Archive for February, 2015

We were witnessing a particularly humorous event on the news this evening. John Boehner was excoriating the Senate Democrats, imploring them to “get off their asses” and vote for the homeland security funding bill. What’s humorous is: six months ago the Senate Republicans were a part of the “party of `no’”. Extreme partisans can vilify John by saying what he is doing is “evil”. Six months ago Harry Reid would be declared spot on for saying the same thing about Senate Republicans.

Of course the tables are turned. The R’s “control” both House and Senate. (Putting control in quotations is understanding that this “control” is limited, because the other side has certain procedural controls in the game.

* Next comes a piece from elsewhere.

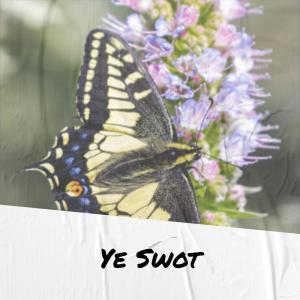 Listen to Decreasing Hind song with lyrics from Alon Tint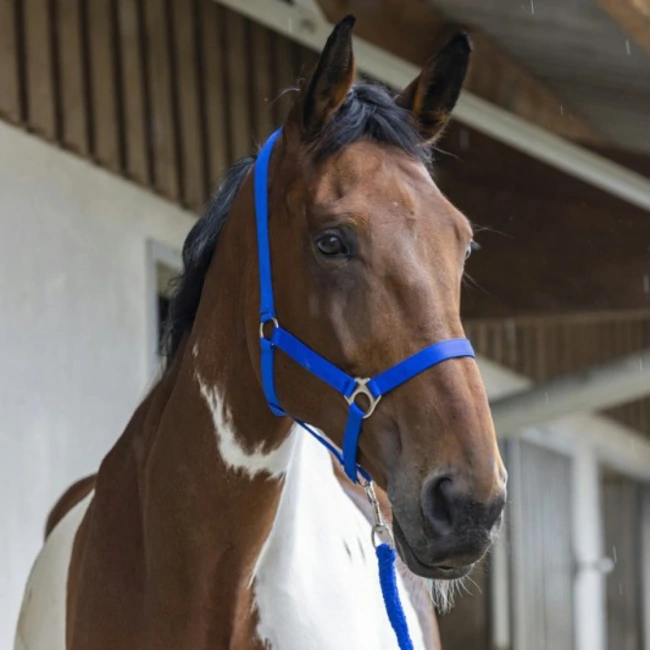 Horse Headcollar and Lead Rope Set - RWClub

So, let’s take a sport – I like baseball, but this could be applied to just about any team sport. The offensive team has one main member, the batter. His job is to hit the ball, that is hurled at the strike zone by the pitcher, and get on base or run the bases. Let’s compare the curve ball to the political “lie”. Oh my, that pitcher “lied” to the batter by pitching a curve ball. He lied to the batter! The ball was supposed to go high, but it went low. Do we say the pitcher was evil for “lying” to the batter by throwing a curve? There are many more strategies used in baseball by the defense to overcome strategies by the offense.

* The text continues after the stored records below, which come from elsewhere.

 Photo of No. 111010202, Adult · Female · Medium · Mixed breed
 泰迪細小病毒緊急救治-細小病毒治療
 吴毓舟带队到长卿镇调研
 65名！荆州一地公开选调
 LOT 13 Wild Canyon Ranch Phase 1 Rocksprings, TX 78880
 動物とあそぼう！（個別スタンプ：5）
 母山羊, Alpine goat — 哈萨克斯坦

At this point I have to interject the inadvisability of lying with impunity. The liar is not trusted when his lies are detected. The latest scandal of Brian Wilson, the NBC reporter who was released by NBC news for his lying about an event in the middle east. Will Brian ever be trusted again? There is a certain moral code regarding journalists that injects a credibility into the reporting of the news. But, if we simply limit the comparison between politics and sports, we can come to accept deception as a necessary element in doing the job. Once we understand that some people make things up (lie) we can coexist by not trusting what they say. We either accept or not their lying. We shun or socialize with them. Socializing with them removes the stigma in the interest of trying not to achieve teaching them a lesson (which won’t work with the pathological liar). If we shun them we close off any chance of reaching them and avoiding the tendency of evil to fester in the soul of the liar, and result in some catastrophic evil. But, this social commentary is digressing from the subject of politics as a sport. How do we know the politician is lying? No, not when his lips are moving. Try Factcheck.org. While I think the staff sometimes nitpicks, it is a good source to determine the validity of politician’s utterances.

Of course there is the element of cheating. Some people believe that cheating is only bad if the cheater either gets caught or doesn’t, you pick – one is the cynical approach and the other is the realistic. It is pretty much in the court of public opinion whether the cheater is punished, even though there is a system to detect and punish the cheater.